The offer “is substantially below what we believe is a fair and reasonable valuation,” said Majedie U.K. income fund manager Chris Field in an emailed statement. “There is an inherent asymmetry of information working against non-family shareholders which we have urged the Non-Executives to address to allow shareholders to make an informed decision.

“We strongly urge shareholders not to accept the offer,” he added. 

The deal currently needs 90% of DMGT’s Class A shareholders to accept, excluding the 30.3% of Class A shares and 100% of Ordinary shares held by Lord Rothermere’s trust and associate parties. However, this threshold can be lowered by Rothermere, according to the offer document.

Representatives for DMGT and Rothermere declined to comment. 

Sweetened Offer

Following an initial proposal in July, DMGT’s independent directors agreed to a sweetened offer of 1,263 pence per share, which includes a cash payment, special dividend and proposed final dividend, DMGT and RCL said in the statement. The bid offers a 21.5% premium to the closing price of DMGT shares on the last business day before that July announcement, the statement said.
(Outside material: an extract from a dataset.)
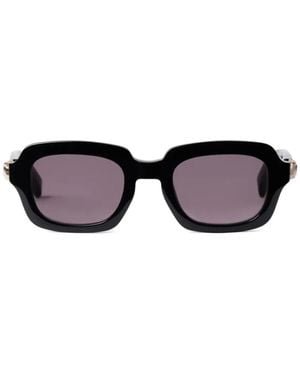 Sandro Rectangle-Frame Sunglasses - Black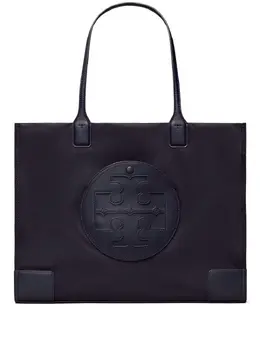 Tory Burch: Синяя сумка-шоппер  Ella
The stock rose 2.9% to 1,122 pence at 3:49 p.m. in London.

Rothermere is the aristocratic name of Jonathan Harmsworth, who chairs the business. Its best-known asset is the Daily Mail newspaper, founded by Harmsworth’s family in 1896. 

His plan to buy out DMGT’s media assets has seen him and the company strike a deal with pension trustees, dispose of the group’s risk modeling business RMS for $2 billion, and see through the U.S. flotation of online car retailer Cazoo, in which it held a major stake. 

DMGT is being hit hard by the global supply chain crisis, according to a presentation published alongside the offer. 

“There have been substantial increases in the input costs for newsprint in supplier contracts at levels not seen since 1996,” the document said, adding that newsprint is the company’s second-largest cost. Options to mitigate this include “a review of employee numbers,” it added.